### Task description
I need the records below restated word for word, without their pictures.

### Material shown
▼▼▼
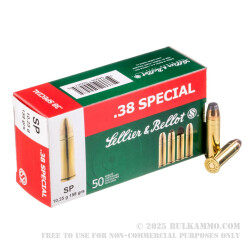 1000 Rounds of .38 Spl Ammo by Sellier & Bellot - 158gr SJSP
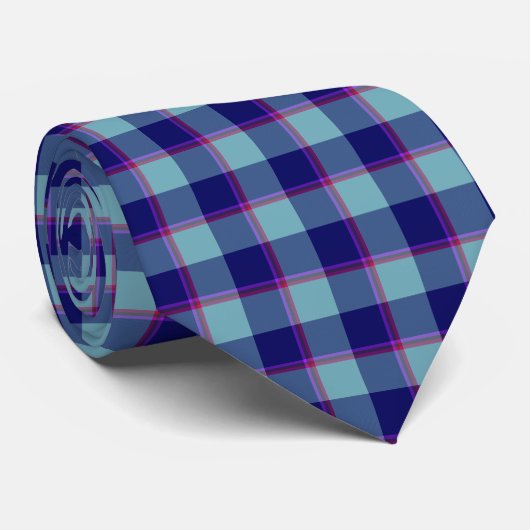 Neptune and Gulf Blue Plaid Neck Tie Krawatte (Gerollt)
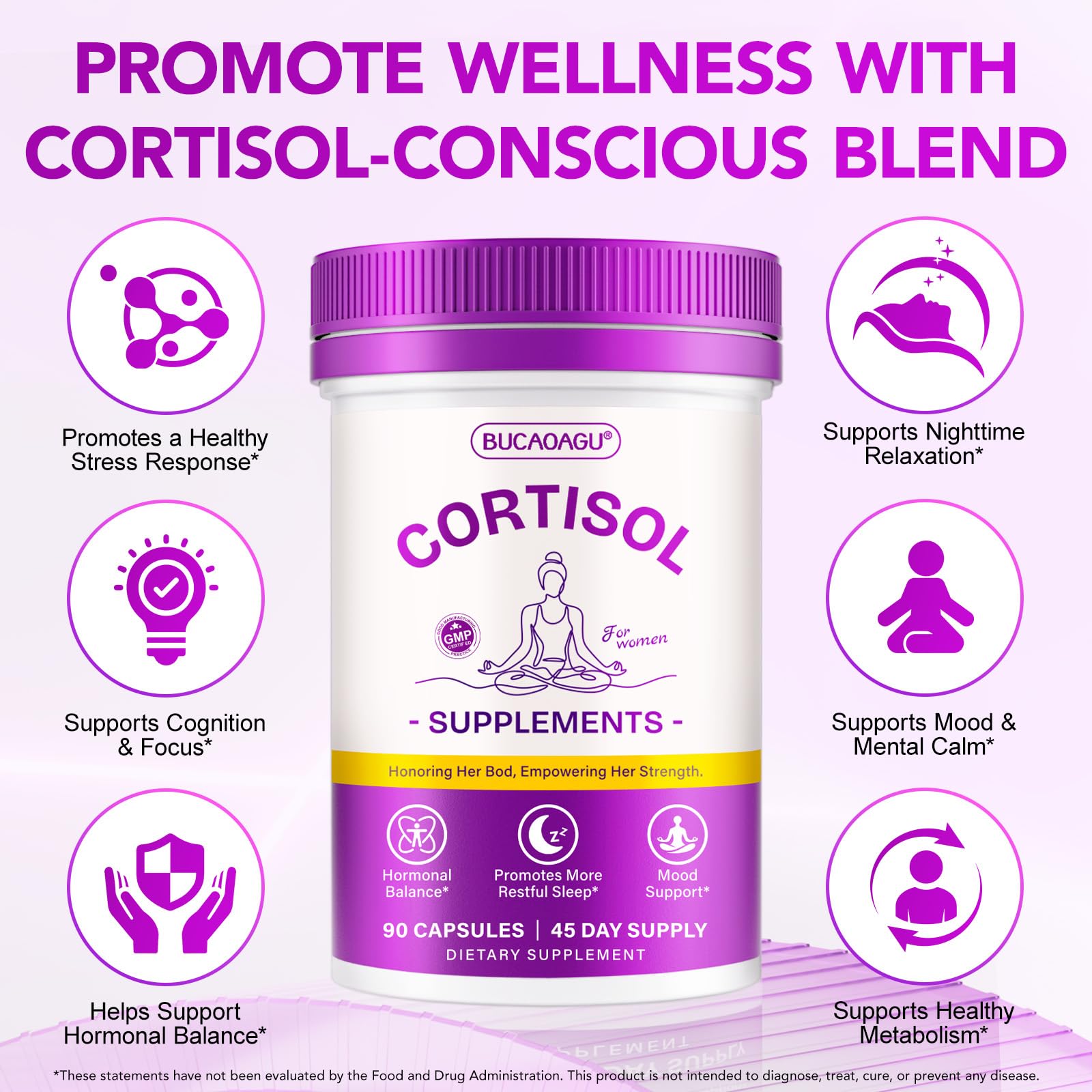 BUCAOAGU Cortisol Supplements for Women - Cortisol Reducer & Stress Support - Magnolia Bark, Rhodiola Rosea, Holy Basil, Magnesuim, Phosphatidylserine - Hormone Balance & Mood, Focus, Sleep Support BUCAOAGUAu supplements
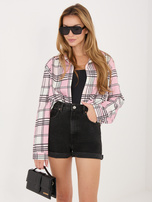 Jasnoróżowa rozpinana koszula w kratę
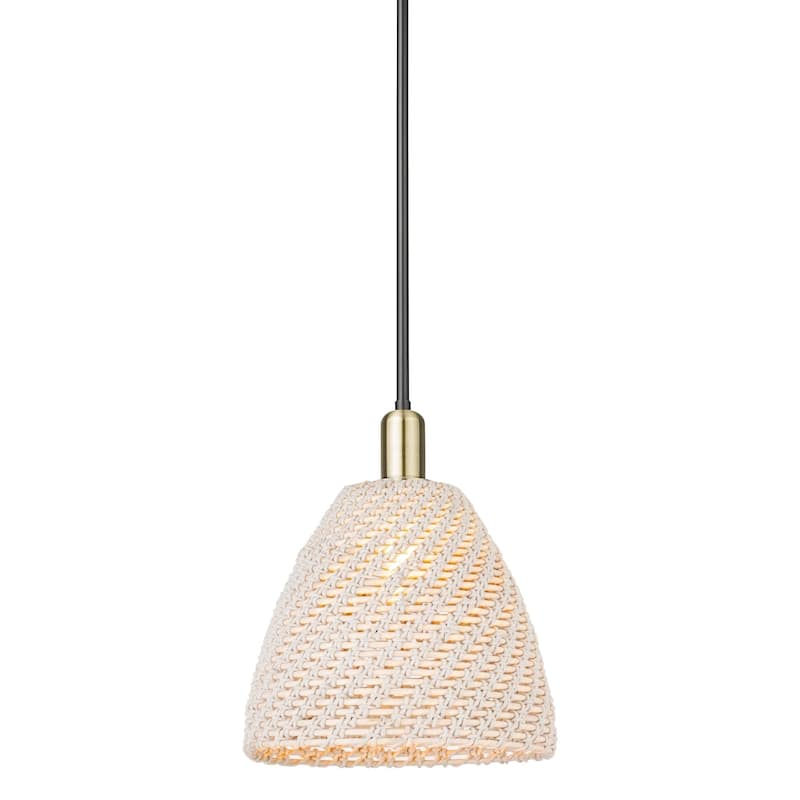 Innovations Lighting 716-1S-14-12 Natural Ballston Dome Pendant - Black Antique Brass / Natural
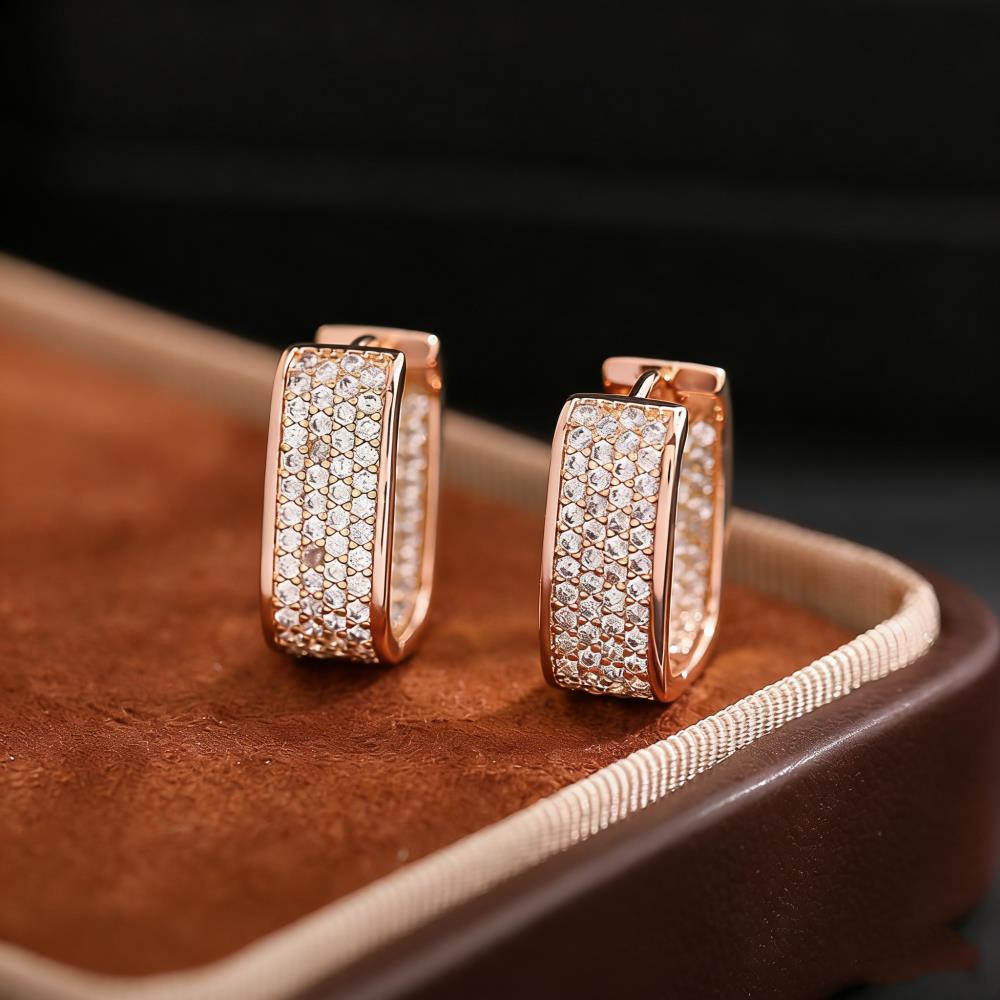 Vintage Geometric U Shaped White Zircon Hoop Earrings For Women Rose Gold Color Female Ear Buckle Wedding Party Jewelry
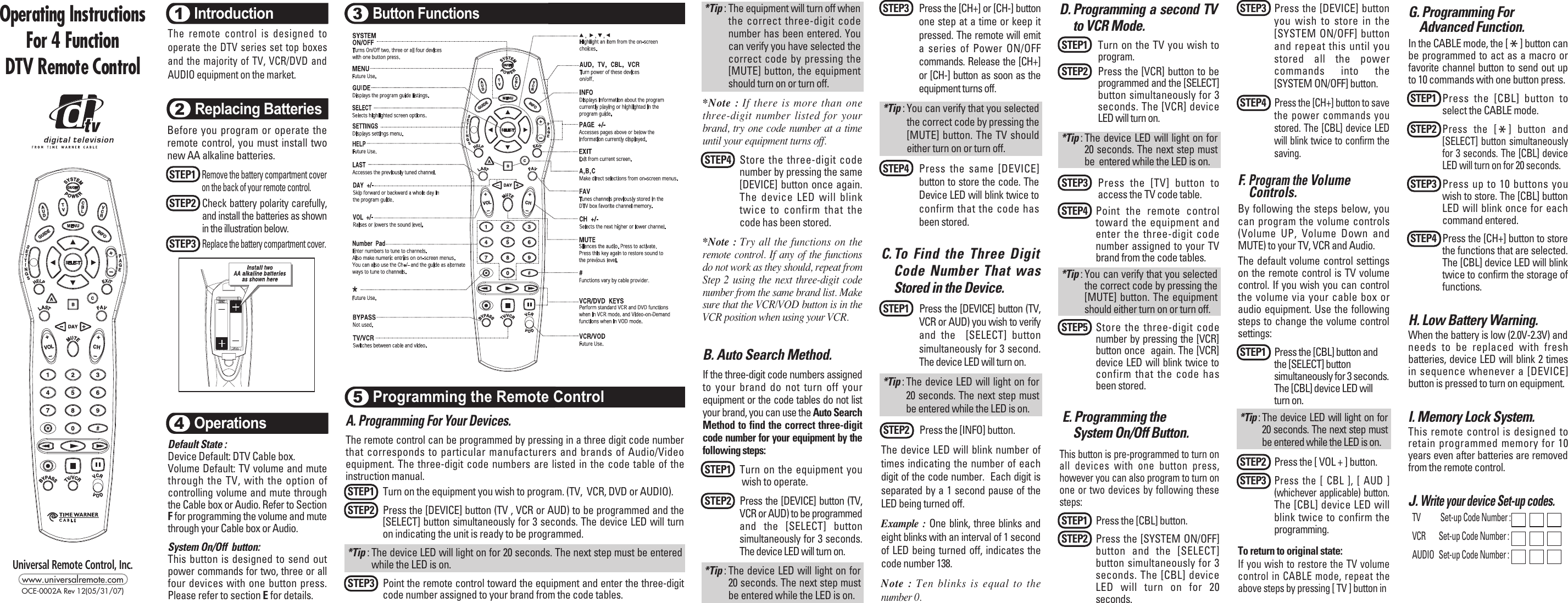 Anko universal remote codes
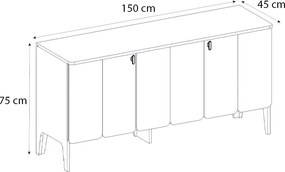 Μπουφές Pedro Megapap χρώμα ανθρακί - rota oak 150x45x75εκ.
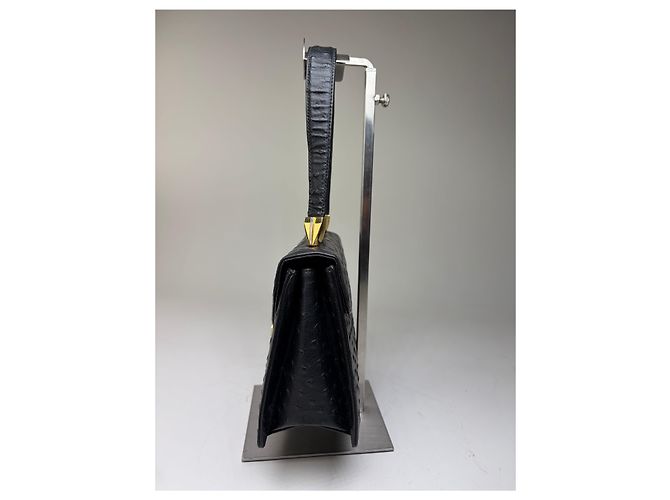 Vintage Givenchy Strukturierte Lederhandtasche Schwarz Gold - Ansicht 9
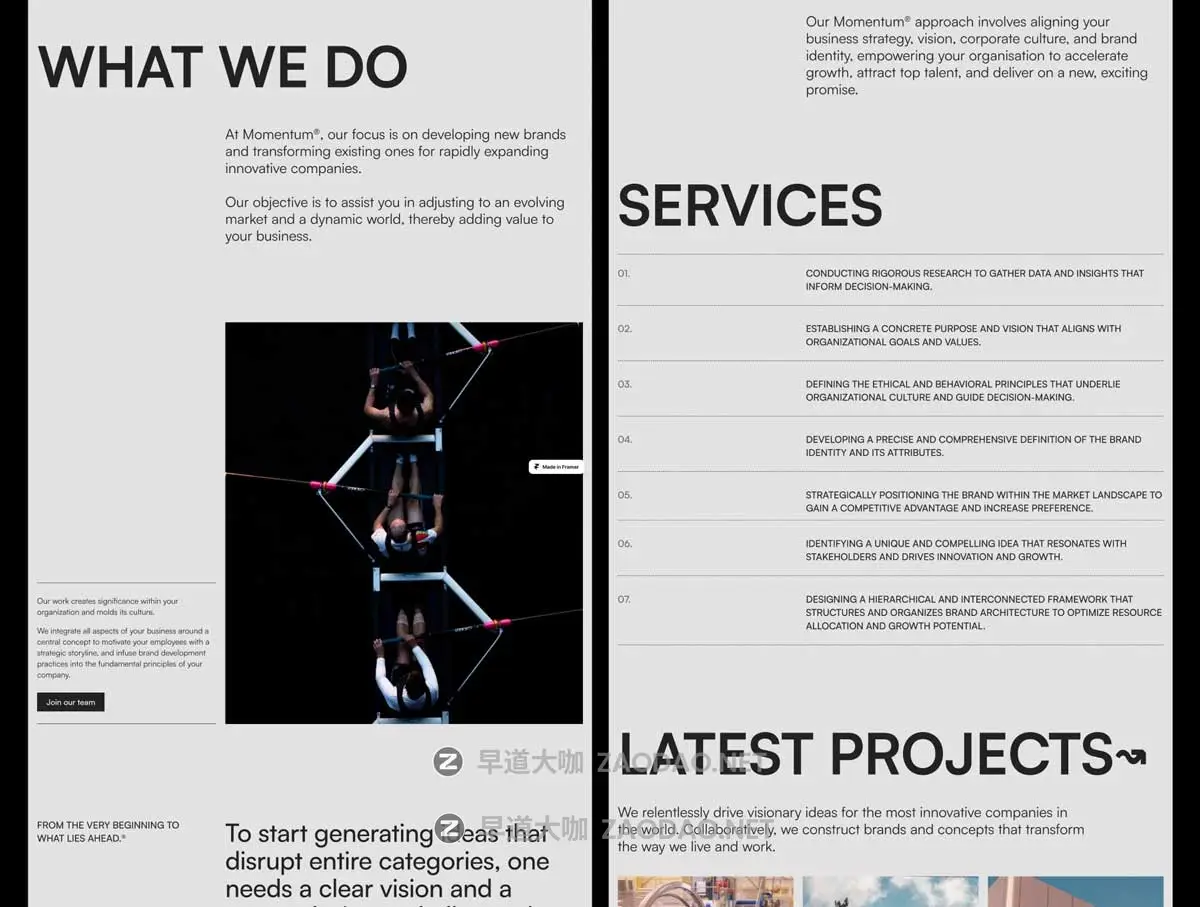 时尚自适应作品集案例企业品牌服务网站WEB UI界面设计Framer模板素材 MOMENTUM – Agency Website Template for Framer插图3 时尚自适应作品集案例企业品牌服务网站WEB UI界面设计Framer模板素材 MOMENTUM – Agency Website Template for Framer插图3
▲▲▲
### Response area
 1000 Rounds of .38 Spl Ammo by Sellier & Bellot - 158gr SJSP
 Neptune and Gulf Blue Plaid Neck Tie Krawatte (Gerollt)
 BUCAOAGU Cortisol Supplements for Women - Cortisol Reducer & Stress Support - Magnolia Bark, Rhodiola Rosea, Holy Basil, Magnesuim, Phosphatidylserine - Hormone Balance & Mood, Focus, Sleep Support BUCAOAGUAu supplements
 Jasnoróżowa rozpinana koszula w kratę
 Innovations Lighting 716-1S-14-12 Natural Ballston Dome Pendant - Black Antique Brass / Natural
 Vintage Geometric U Shaped White Zircon Hoop Earrings For Women Rose Gold Color Female Ear Buckle Wedding Party Jewelry
 Anko universal remote codes
 Μπουφές Pedro Megapap χρώμα ανθρακί - rota oak 150x45x75εκ.
 Vintage Givenchy Strukturierte Lederhandtasche Schwarz Gold - Ansicht 9
 时尚自适应作品集案例企业品牌服务网站WEB UI界面设计Framer模板素材 MOMENTUM – Agency Website Template for Framer插图3 时尚自适应作品集案例企业品牌服务网站WEB UI界面设计Framer模板素材 MOMENTUM – Agency Website Template for Framer插图3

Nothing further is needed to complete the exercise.